1. A method for building a three-dimensional object with an extrusion-based layered deposition system, the method comprising:
feeding a filament of a modified acrylonitrile-butadiene-styrene (ABS) material to an extrusion head of the extrusion-based layered deposition system, the modified ABS material requiring a drive pressure of about 1,000 psi or less when extruded at an extrusion rate of 1,000 mics from a standard geometry liquefier at a maximum liquefier temperature;
melting the fed modified ABS material in the extrusion head; and
depositing the molten modified ABS material in a layer-by-layer manner to form the three-dimensional object.
2. The method of claim 1, wherein the required drive pressure is about 750 psi or less.
3. The method of claim 1, wherein the modified ABS material comprises methylmethacrylate.
4. The method of claim 1, wherein melting the fed modified ABS material in the extrusion head comprises melting the fed modified ABS material at a peak temperature ranging from about 300° C. to about 340° C.
5. The method of claim 4, wherein the peak temperature ranges from about 300° C. to about 320° C.
6. The method of claim 4, wherein the three-dimensional object comprises a multi-layer feature having at least one cross-section dimension of about 120 mils or less.
7. The method of claim 1, wherein the deposited modified ABS material is substantially free of thermal degradation.
8. The method of claim 1, wherein the melted modified ABS material has a thixiotropic threshold that is less than a thixiotropic threshold of a standard ABS copolymer when extruded under same conditions.

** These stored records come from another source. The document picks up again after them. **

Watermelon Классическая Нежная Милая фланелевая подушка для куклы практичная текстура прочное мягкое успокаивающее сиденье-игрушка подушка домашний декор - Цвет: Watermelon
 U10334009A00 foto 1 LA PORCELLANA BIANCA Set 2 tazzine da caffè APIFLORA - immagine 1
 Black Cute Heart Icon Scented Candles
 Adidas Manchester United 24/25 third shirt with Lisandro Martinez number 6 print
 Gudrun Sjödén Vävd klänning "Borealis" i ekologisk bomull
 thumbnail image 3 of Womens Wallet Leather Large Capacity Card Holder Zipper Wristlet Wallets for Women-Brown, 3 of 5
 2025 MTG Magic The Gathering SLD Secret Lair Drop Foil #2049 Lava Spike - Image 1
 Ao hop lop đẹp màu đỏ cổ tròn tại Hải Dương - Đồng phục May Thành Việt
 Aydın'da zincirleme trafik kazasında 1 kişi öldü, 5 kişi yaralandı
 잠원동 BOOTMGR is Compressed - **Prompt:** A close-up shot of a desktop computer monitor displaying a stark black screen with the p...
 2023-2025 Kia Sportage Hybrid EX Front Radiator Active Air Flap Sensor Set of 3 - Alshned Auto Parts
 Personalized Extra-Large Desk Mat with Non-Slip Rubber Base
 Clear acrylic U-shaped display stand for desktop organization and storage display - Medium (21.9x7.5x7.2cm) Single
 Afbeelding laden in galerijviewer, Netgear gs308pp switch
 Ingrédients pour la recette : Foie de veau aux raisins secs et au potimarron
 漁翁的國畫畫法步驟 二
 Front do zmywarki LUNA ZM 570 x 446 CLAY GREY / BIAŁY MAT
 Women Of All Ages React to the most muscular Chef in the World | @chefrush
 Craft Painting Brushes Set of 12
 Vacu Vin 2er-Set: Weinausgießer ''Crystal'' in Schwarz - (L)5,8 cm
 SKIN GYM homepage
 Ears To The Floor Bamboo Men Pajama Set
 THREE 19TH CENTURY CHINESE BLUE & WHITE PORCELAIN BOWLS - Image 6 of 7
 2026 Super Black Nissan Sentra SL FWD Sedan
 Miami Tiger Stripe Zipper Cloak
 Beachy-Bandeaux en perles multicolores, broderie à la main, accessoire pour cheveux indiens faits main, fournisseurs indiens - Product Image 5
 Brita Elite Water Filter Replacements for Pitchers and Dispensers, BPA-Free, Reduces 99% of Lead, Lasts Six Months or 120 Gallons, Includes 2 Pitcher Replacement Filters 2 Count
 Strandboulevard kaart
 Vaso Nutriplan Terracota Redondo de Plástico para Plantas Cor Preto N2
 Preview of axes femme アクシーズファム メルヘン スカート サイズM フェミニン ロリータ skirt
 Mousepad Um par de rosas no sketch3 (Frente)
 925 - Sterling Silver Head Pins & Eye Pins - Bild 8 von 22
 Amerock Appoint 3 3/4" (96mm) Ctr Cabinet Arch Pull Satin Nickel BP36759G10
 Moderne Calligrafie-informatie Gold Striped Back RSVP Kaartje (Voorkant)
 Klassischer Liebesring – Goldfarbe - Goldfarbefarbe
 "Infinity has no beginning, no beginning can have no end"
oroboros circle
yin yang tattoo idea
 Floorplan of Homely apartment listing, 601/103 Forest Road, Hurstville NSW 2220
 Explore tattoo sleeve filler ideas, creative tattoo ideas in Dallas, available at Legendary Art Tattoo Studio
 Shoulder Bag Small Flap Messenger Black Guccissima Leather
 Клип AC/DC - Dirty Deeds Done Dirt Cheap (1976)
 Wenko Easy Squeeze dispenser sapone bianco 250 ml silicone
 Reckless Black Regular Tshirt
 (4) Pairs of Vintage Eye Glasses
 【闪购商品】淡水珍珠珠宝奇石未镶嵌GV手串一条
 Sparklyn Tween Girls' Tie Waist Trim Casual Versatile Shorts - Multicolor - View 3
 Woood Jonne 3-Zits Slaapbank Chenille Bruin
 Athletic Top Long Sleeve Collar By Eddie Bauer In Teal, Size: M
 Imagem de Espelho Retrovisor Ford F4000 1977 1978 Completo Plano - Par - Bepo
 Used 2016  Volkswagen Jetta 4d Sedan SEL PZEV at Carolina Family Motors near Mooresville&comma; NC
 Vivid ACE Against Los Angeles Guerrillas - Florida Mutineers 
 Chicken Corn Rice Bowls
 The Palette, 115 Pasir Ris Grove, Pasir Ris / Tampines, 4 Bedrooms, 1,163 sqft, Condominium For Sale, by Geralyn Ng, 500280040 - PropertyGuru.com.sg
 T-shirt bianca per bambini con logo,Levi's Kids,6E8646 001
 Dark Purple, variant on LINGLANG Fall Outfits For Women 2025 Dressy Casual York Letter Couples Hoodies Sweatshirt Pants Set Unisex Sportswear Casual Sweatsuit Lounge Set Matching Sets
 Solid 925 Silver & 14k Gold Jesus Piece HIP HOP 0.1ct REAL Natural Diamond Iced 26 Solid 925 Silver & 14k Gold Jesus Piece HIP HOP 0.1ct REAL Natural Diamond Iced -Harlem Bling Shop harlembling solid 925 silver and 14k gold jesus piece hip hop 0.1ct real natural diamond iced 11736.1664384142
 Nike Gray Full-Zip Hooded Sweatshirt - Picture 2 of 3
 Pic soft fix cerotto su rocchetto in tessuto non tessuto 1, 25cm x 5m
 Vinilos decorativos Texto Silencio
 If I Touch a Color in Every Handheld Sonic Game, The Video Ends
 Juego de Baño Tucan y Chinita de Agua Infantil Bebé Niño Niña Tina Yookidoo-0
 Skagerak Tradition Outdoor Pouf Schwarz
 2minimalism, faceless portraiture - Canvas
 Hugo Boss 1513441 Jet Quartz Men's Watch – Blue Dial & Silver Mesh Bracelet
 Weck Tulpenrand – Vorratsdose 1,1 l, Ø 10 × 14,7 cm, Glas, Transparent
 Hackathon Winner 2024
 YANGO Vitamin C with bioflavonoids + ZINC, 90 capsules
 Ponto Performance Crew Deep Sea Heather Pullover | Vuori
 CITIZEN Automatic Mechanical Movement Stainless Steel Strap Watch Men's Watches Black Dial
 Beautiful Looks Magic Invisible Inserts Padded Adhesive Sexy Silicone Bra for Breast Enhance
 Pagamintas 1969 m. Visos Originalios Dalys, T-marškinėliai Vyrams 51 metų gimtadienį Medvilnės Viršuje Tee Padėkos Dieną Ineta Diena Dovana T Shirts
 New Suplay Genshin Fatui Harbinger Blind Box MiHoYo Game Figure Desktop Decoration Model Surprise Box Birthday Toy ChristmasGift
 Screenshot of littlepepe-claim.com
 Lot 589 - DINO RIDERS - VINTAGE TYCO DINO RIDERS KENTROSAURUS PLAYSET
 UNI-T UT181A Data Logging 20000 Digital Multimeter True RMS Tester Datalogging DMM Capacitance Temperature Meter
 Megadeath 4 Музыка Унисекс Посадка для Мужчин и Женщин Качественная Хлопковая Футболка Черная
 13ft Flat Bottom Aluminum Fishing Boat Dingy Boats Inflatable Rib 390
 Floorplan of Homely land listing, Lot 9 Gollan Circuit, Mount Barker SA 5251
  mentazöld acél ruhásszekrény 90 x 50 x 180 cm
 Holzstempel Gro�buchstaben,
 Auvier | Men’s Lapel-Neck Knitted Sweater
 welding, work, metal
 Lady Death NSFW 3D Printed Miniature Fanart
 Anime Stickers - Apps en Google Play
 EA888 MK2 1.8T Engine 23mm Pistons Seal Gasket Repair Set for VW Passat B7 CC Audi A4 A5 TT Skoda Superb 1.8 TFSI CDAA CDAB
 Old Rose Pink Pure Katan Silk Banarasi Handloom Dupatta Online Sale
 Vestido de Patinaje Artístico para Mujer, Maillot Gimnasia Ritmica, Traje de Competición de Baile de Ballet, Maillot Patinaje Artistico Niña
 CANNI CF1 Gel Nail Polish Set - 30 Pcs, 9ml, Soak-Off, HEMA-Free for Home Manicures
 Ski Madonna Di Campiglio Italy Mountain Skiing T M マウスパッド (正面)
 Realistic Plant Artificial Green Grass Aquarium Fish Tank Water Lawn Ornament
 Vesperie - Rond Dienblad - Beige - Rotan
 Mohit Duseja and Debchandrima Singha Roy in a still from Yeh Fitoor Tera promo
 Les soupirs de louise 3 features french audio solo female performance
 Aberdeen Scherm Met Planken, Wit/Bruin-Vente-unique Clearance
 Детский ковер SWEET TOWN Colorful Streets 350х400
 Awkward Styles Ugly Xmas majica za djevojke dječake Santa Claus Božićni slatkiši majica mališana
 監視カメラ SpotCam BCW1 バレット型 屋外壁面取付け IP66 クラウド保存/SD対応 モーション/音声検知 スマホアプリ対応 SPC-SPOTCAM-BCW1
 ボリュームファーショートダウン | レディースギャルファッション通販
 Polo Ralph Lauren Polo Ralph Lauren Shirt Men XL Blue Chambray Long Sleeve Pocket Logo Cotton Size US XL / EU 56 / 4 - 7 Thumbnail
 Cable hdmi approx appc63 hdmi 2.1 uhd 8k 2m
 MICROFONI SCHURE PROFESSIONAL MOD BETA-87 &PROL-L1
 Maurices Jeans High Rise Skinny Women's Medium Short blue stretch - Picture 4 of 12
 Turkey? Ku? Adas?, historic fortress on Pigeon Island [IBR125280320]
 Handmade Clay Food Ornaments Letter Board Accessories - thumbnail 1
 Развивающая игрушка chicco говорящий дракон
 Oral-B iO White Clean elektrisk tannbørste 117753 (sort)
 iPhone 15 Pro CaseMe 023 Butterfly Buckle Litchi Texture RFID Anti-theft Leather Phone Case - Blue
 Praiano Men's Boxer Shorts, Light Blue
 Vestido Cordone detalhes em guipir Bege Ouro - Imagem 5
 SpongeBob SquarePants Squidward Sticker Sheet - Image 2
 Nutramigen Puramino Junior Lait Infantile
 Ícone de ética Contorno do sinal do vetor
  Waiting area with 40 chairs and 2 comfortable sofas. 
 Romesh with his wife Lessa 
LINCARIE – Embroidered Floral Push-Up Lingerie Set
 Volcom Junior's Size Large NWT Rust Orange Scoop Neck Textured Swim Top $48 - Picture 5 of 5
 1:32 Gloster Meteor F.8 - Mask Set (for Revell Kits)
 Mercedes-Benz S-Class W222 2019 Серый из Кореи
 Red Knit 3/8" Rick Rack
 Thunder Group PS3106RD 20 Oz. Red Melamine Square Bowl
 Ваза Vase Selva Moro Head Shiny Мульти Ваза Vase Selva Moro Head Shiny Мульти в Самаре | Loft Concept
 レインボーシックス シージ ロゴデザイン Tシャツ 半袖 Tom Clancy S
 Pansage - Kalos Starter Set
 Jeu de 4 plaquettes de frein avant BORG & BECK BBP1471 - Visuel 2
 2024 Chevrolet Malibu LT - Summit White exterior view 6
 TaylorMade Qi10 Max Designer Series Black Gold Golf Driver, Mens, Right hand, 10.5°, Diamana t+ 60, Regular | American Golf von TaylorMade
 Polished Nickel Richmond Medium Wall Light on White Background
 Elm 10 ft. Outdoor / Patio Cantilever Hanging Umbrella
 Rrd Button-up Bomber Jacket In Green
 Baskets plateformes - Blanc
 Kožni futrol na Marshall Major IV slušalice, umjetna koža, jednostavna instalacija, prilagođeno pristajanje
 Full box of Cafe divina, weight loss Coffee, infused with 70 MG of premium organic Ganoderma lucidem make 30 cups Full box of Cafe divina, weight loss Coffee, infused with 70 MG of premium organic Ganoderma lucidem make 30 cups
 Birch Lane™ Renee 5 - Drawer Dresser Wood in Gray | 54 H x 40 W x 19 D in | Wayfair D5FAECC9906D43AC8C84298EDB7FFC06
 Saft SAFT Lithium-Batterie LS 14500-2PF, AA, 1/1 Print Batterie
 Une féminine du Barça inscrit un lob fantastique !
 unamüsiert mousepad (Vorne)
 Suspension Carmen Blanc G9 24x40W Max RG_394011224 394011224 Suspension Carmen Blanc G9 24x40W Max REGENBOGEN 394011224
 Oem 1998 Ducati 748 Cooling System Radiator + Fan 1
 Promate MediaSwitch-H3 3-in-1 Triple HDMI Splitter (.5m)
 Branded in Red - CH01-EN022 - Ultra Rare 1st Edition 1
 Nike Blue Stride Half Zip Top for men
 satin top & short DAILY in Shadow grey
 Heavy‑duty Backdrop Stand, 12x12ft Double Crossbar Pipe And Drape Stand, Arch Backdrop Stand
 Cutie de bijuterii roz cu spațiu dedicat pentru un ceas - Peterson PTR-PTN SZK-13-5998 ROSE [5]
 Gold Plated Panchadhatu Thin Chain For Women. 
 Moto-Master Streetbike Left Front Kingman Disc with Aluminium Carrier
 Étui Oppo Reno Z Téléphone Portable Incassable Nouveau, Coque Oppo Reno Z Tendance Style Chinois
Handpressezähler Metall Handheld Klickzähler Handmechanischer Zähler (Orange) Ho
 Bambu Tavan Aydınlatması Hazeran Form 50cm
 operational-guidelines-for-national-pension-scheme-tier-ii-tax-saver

9. A method for building a three-dimensional object with an extrusion-based layered deposition system, the method comprising:
feeding a modified acrylonitrile-butadiene-styrene (ABS) material to an extrusion head of the extrusion-based layered deposition system;
melting the fed modified ABS material within the extrusion head at a peak temperature ranging from about 300° C. to about 340° C.;
extruding the molten modified ABS material from the extrusion head; and
depositing the molten modified ABS material in a layer-by-layer manner to build the three-dimensional object, wherein the molten modified ABS material in the three-dimensional object is substantially free of thermal degradation.
10. The method of claim 9, wherein the peak temperature ranges from about 300° C. to about 320° C.
11. The method of claim 9, wherein the modified ABS material comprises methylmethacrylate.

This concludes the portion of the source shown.